— Study material —
◇ ◇ ◇

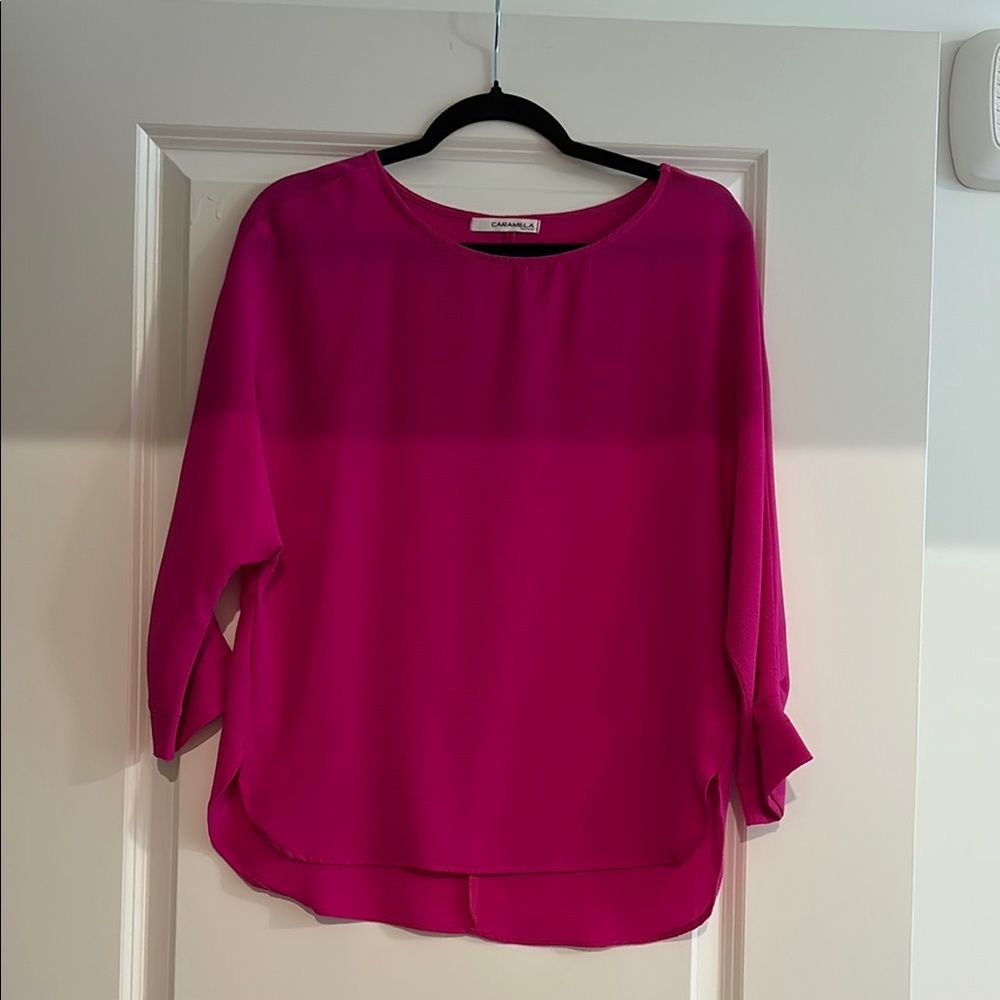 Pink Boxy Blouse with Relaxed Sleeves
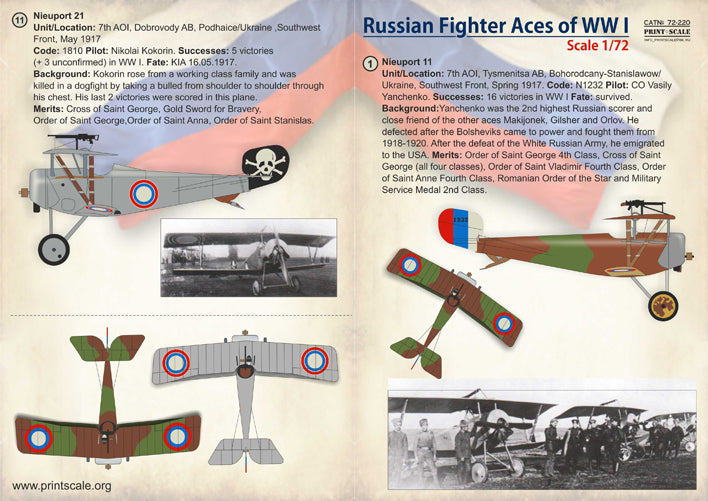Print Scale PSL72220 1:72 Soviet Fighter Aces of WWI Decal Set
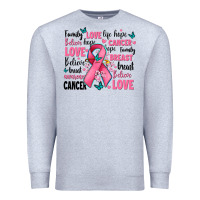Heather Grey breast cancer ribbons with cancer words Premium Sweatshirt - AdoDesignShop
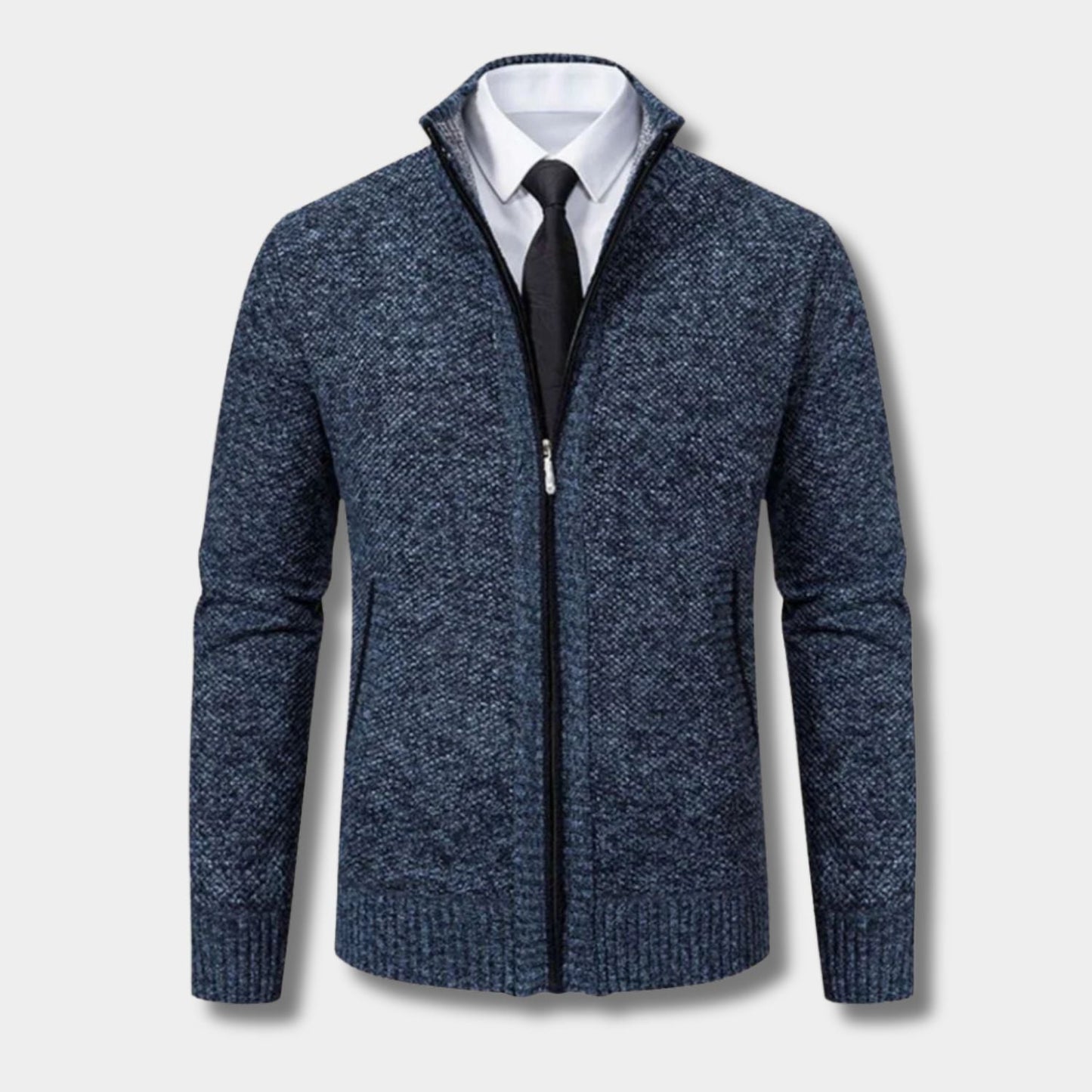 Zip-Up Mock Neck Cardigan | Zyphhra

◇ ◇ ◇

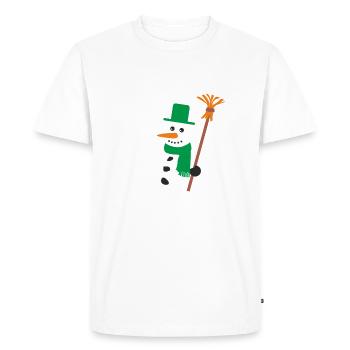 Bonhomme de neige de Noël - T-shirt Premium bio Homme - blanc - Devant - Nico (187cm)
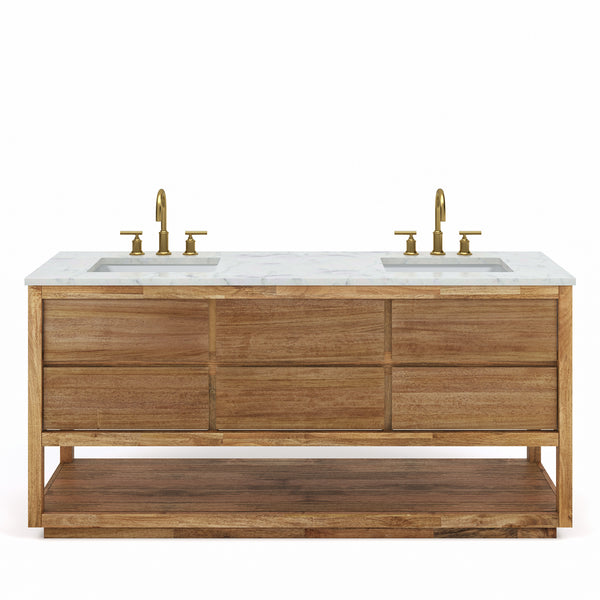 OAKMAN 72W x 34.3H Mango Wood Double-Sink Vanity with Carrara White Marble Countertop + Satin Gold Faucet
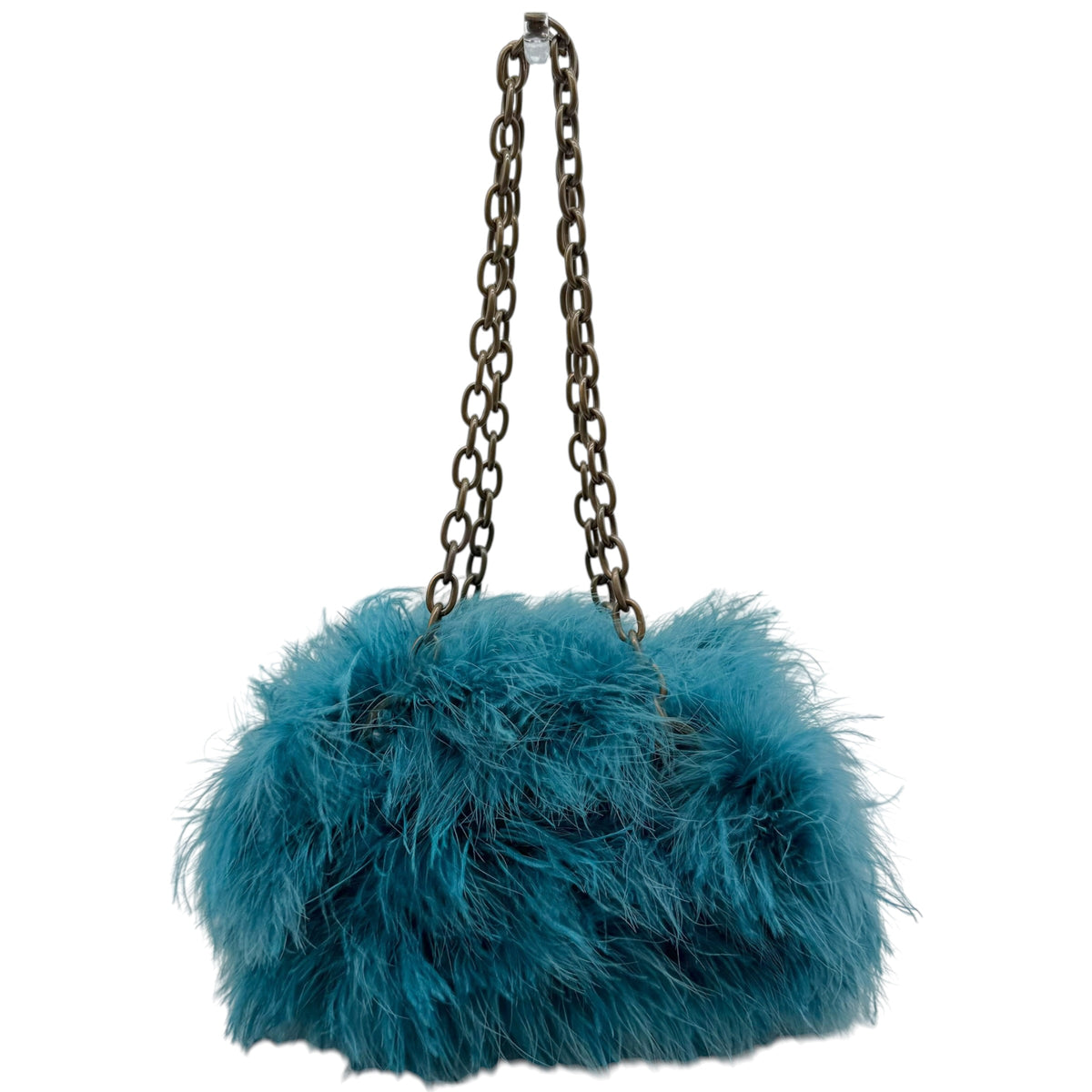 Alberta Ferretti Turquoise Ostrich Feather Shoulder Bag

◇ ◇ ◇

— Problem statement —
Within the listing above, copy exactly the lines that start at the one with "Pink Boxy Blouse with Relaxed Sleeves" and continue through the one with "Zip-Up Mock Neck Cardigan | Zyphhra". Omit pictures.

— Reply to the exercise —
 Pink Boxy Blouse with Relaxed Sleeves
Print Scale PSL72220 1:72 Soviet Fighter Aces of WWI Decal Set
Heather Grey breast cancer ribbons with cancer words Premium Sweatshirt - AdoDesignShop
 Zip-Up Mock Neck Cardigan | Zyphhra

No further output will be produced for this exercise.